On the same day along Ilford High Road outside the Town Hall, which was strung with bunting, the mayor, Cllr Beatrice Harding, proclaimed the end of the war.
Sadly, Ilford suffered the greatest number of devastating hits from air raids, and particularly V1s and V2s.
At least 538 who served in the armed forces were killed but a higher number, 552, were killed in and around Ilford.
The home front could be as dangerous as any front line and now it was all over – thank god many thought and now it was time to let off a bit of steam.
In the evening of VE Day there was literally dancing in the streets as Meads Road, Ilford was closed off, floodlights lit the street – after years of the nightly blackout – as the White Lyrics dance band struck up popular dance tunes.
Queues formed outside bakers as housewives used their ration books, coupons and money to purchase extra supplies of bread (which wasn’t rationed) to make sandwiches and all sorts of cakes, though sugar was rationed.
On May 10, in Danehurst Gardens there was a large spread of bread, butter and jam, sandwiches, a victory cake, fruit salad, jellies, milk, tea and orangeade.

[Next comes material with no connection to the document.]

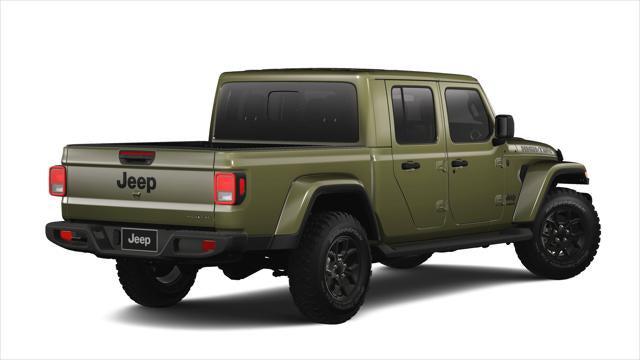 2025 Jeep Gladiator GLADIATOR HIGH TIDE 4X4 2025 Jeep Gladiator GLADIATOR HIGH TIDE 4X4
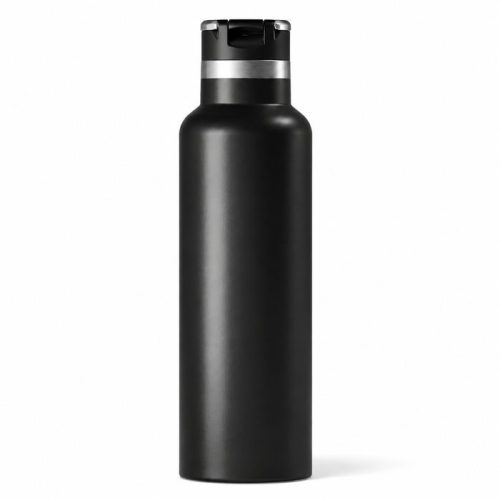 Qualflask 20 oz Insulated Stainless Steel Journey Water Bottle Vacuum Flask with Leakproof Lid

There were bonfires and bands in Clayhall Park and Goodmayes, concerts and a fun fair in Valentines Park.
Many churches laid on thanksgiving services and the bells rang out in celebration.
The Town Hall was brilliantly lit up at night and the police struggled with crowds who danced with joy in the High Road blocking the traffic.
It was a heady time of beer, wine and tears for some adults who had made it through, while for the kids there was the rare treat of jelly and ice cream.